Activity
Transcribe all of the data exactly. Omit the pictures.

Study material
##############################
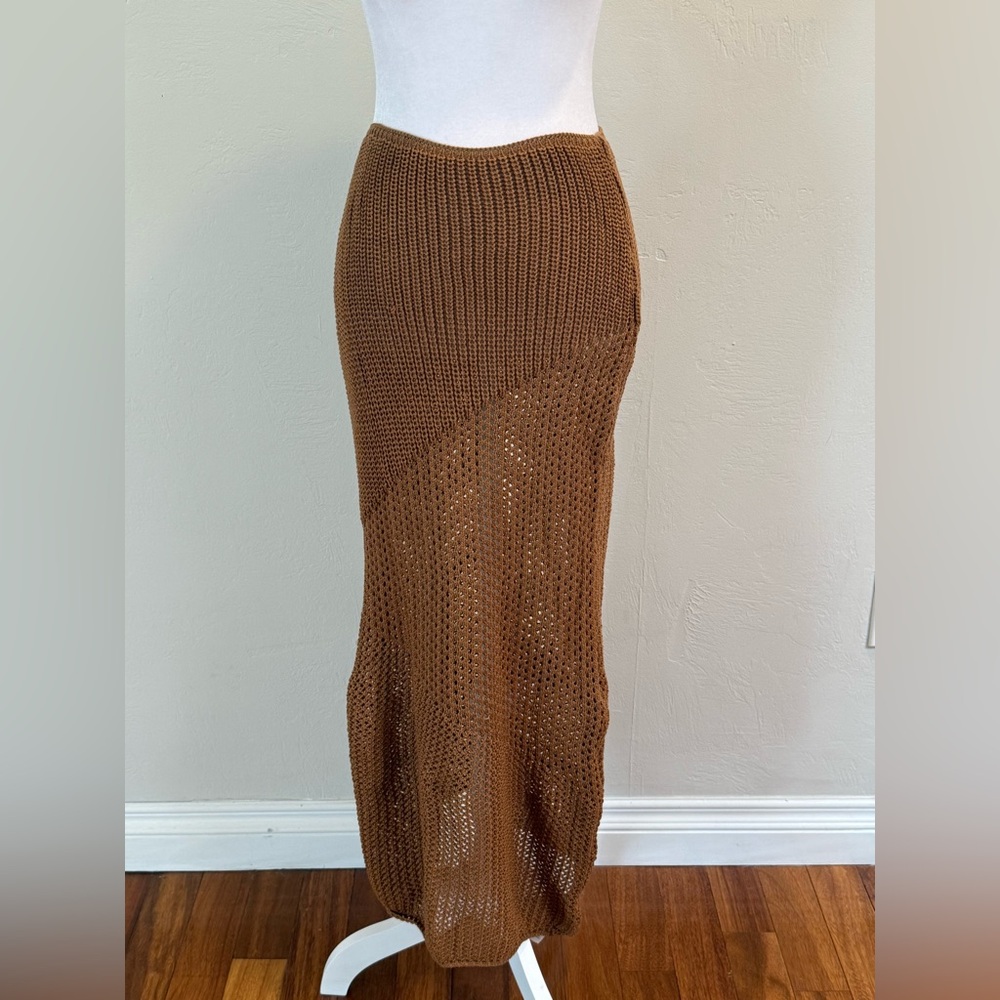 PrettyLittleThing Tan Crochet Maxi Skirt Beach Cover Up US 8‎ Boho Resort NWT - Picture 2 of 7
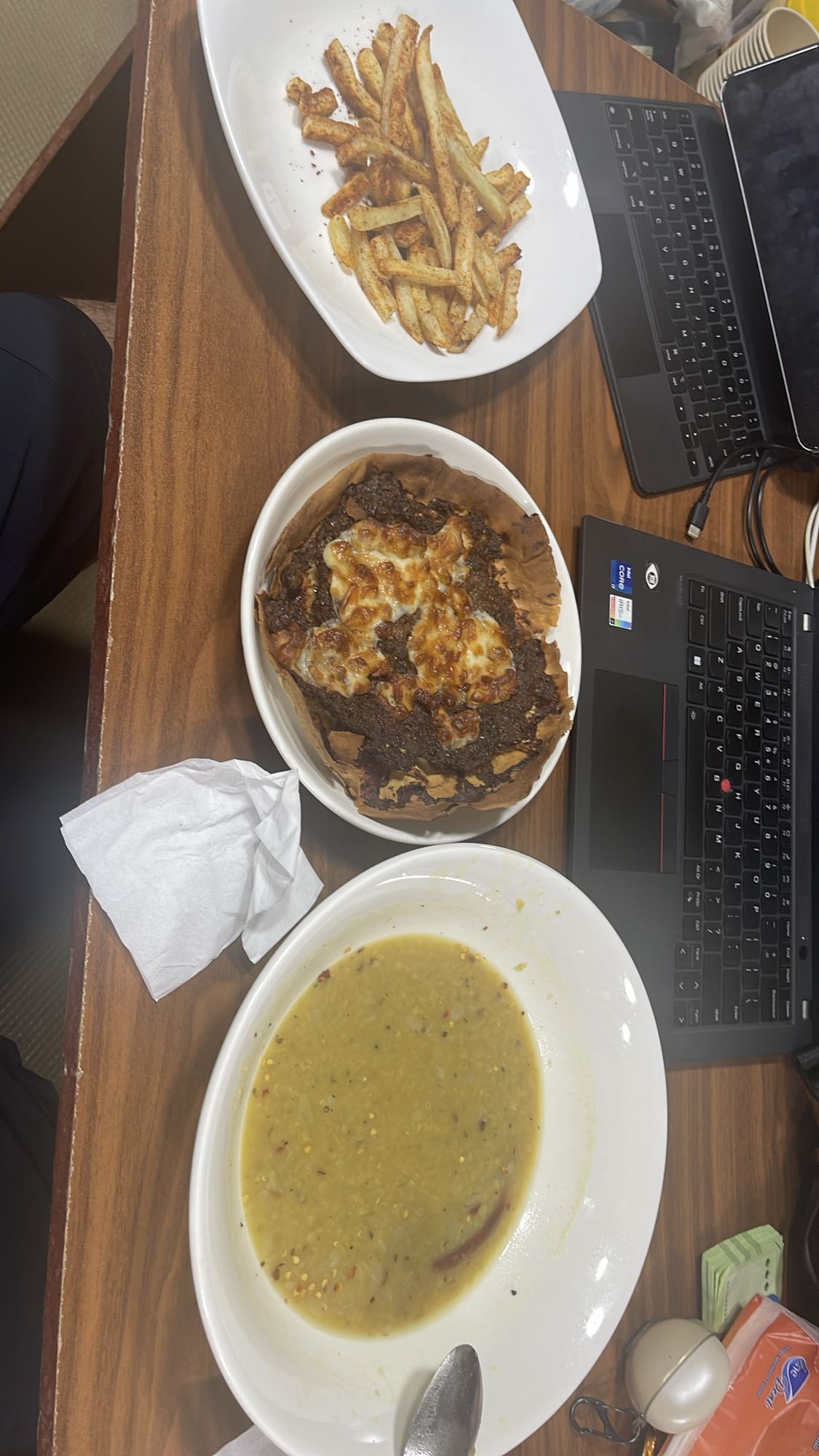 Soup, fries, meat pie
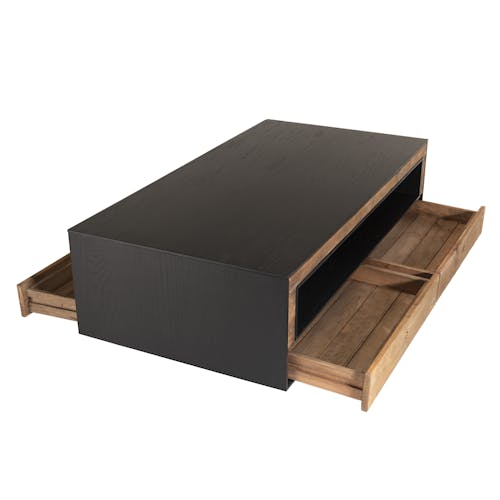 Table basse avec rangement bois recyclé pin CRACOVIE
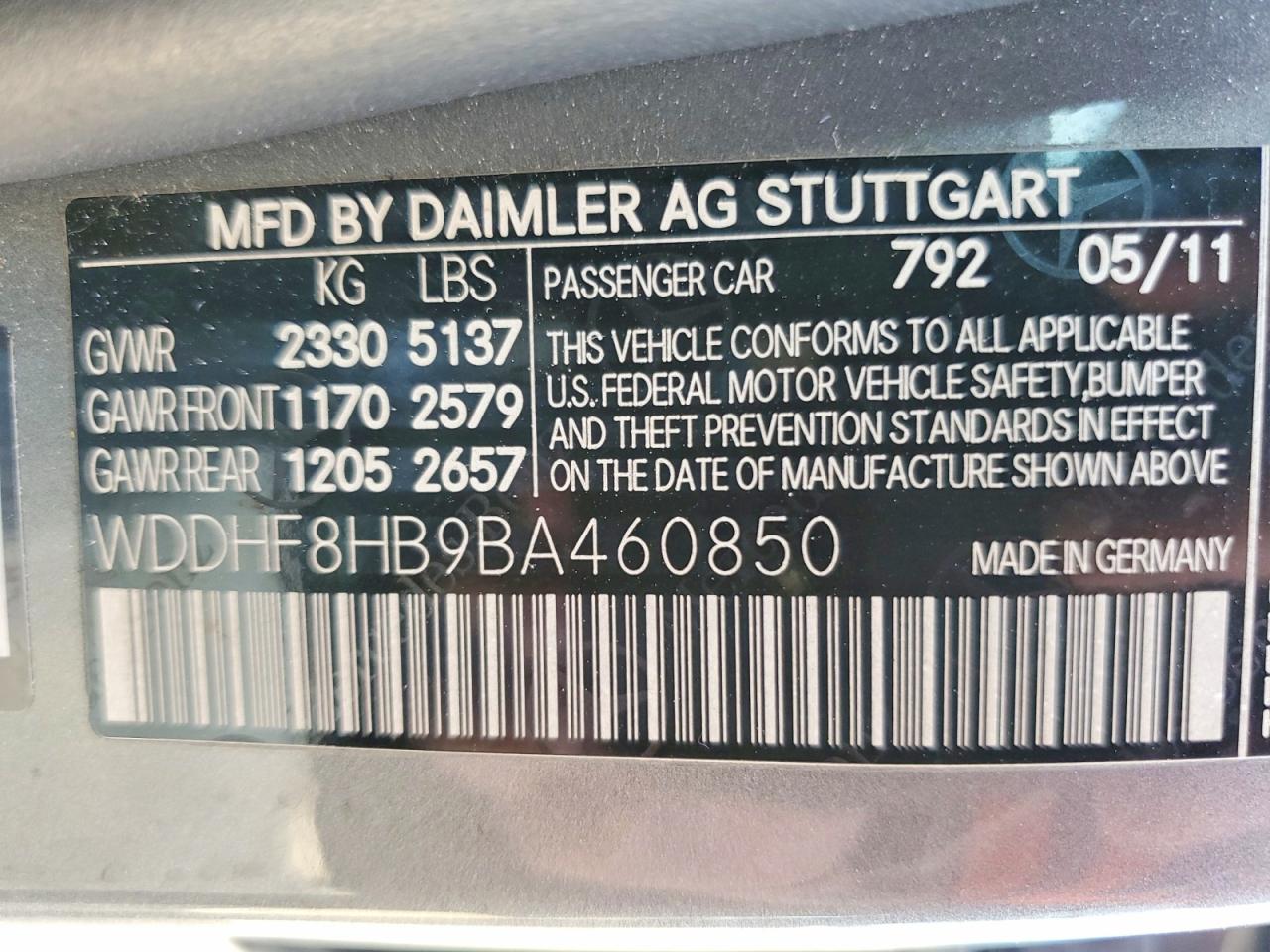 2011 MERCEDES-BENZ E-CLASS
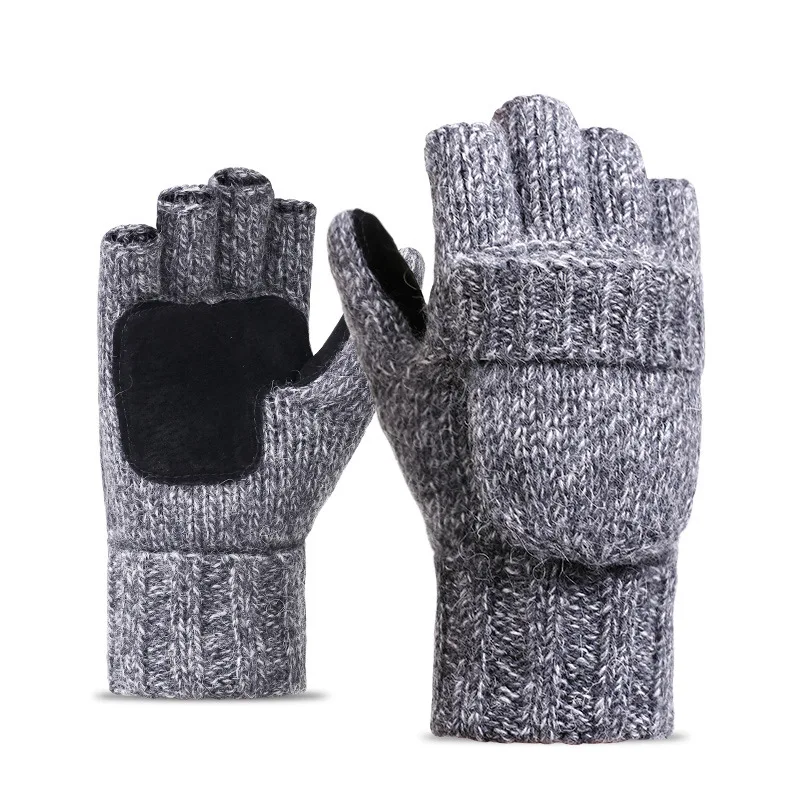 Custom Winter Women Man Thick Wool Fingerless Open Half Finger Gloves Warm Flip Outdoor Leather Knitting Knit Soft Mittens for Woman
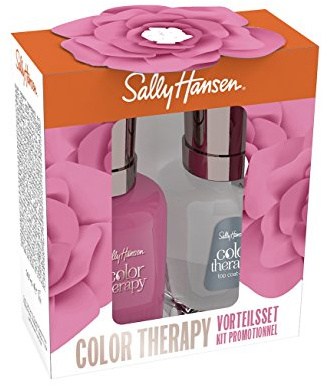 Sally Hansen Vorteilsset Color Therapy Nagellack + Top Coat, Farbe 270 Mauve Mantra, 154 ml
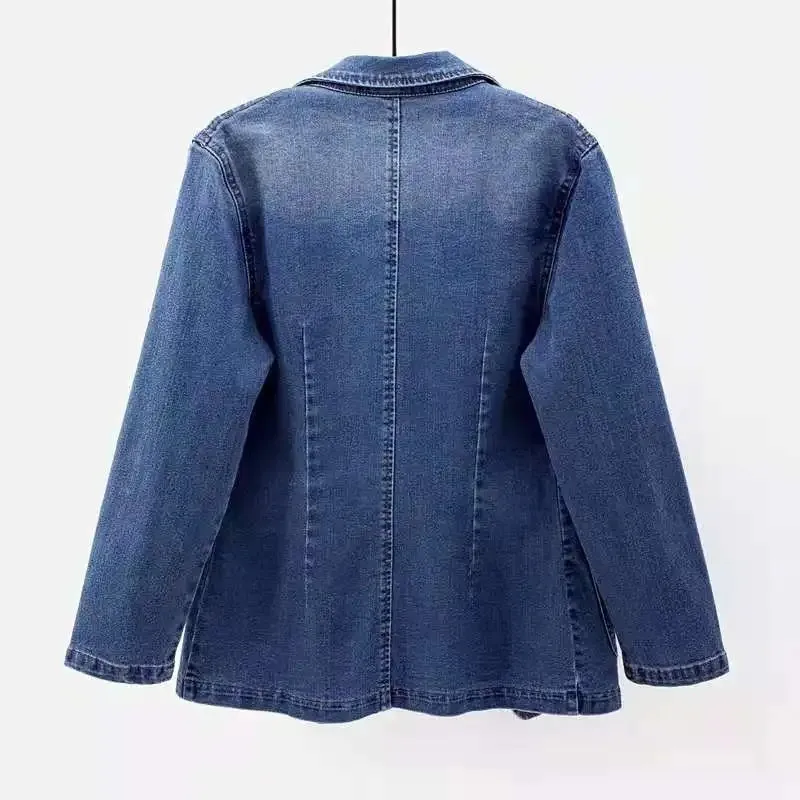 Spring Denim Suit Jacket Femme Long-Sleeve One Button Vintage Autumn Jeans Blazer Women Outerwear Cardigan Clothing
##############################
Response to the exercise
 PrettyLittleThing Tan Crochet Maxi Skirt Beach Cover Up US 8‎ Boho Resort NWT - Picture 2 of 7
 Soup, fries, meat pie
 Table basse avec rangement bois recyclé pin CRACOVIE
 2011 MERCEDES-BENZ E-CLASS
 Custom Winter Women Man Thick Wool Fingerless Open Half Finger Gloves Warm Flip Outdoor Leather Knitting Knit Soft Mittens for Woman
 Sally Hansen Vorteilsset Color Therapy Nagellack + Top Coat, Farbe 270 Mauve Mantra, 154 ml
 Spring Denim Suit Jacket Femme Long-Sleeve One Button Vintage Autumn Jeans Blazer Women Outerwear Cardigan Clothing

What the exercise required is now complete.